## The task
The lines below starting at the line containing "Young couple in" and ending at the line containing "4.4 Yard Synthetic" are to be repeated exactly, with both ends kept and nothing else added.

## Data supplied
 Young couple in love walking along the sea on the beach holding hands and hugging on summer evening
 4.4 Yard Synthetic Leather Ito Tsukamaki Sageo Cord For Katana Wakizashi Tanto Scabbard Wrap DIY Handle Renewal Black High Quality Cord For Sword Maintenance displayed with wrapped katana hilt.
==
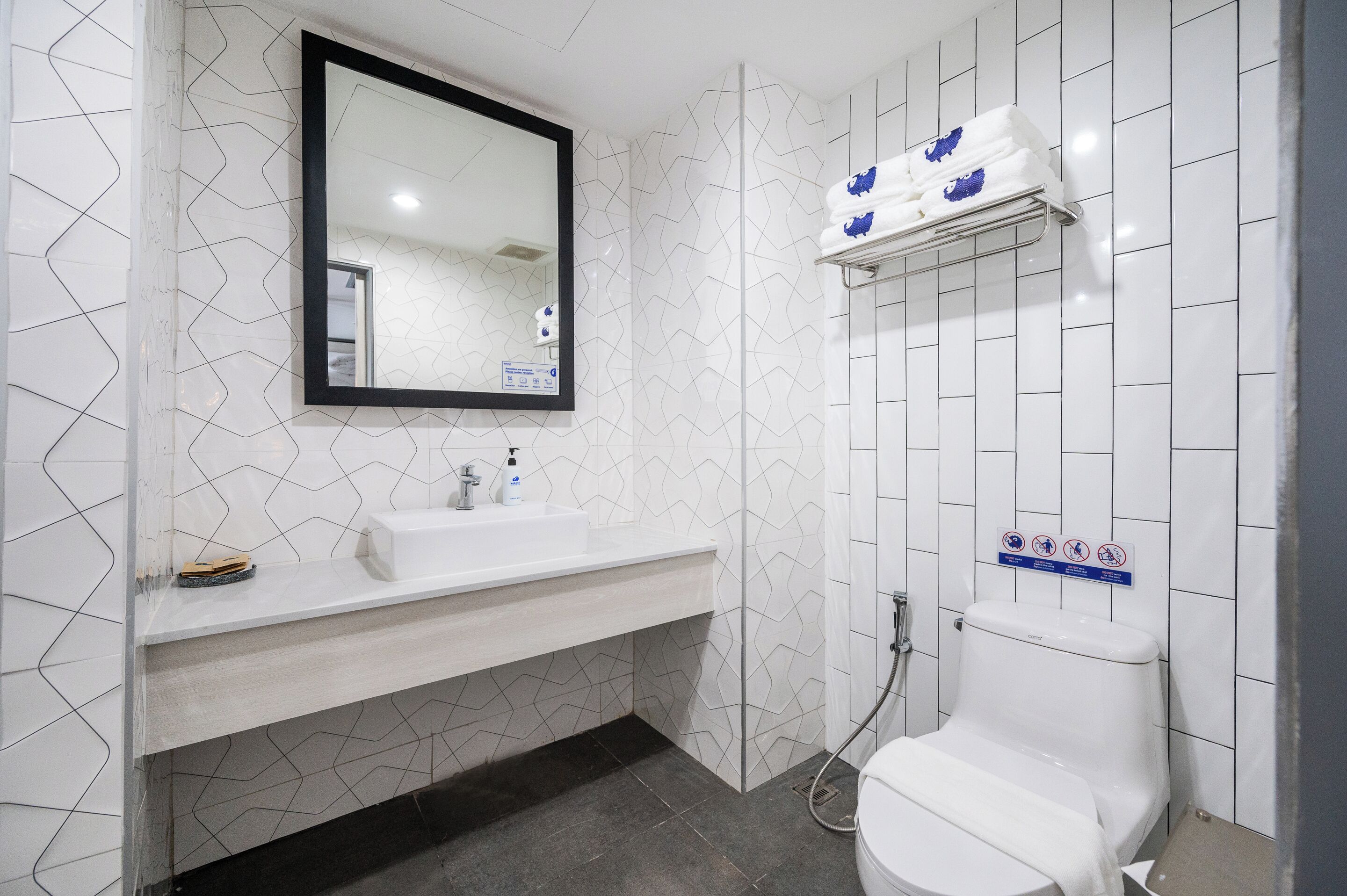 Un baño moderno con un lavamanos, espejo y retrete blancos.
* * *
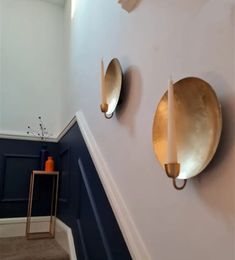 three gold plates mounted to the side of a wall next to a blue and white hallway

## Exercise output
 Young couple in love walking along the sea on the beach holding hands and hugging on summer evening
 4.4 Yard Synthetic Leather Ito Tsukamaki Sageo Cord For Katana Wakizashi Tanto Scabbard Wrap DIY Handle Renewal Black High Quality Cord For Sword Maintenance displayed with wrapped katana hilt.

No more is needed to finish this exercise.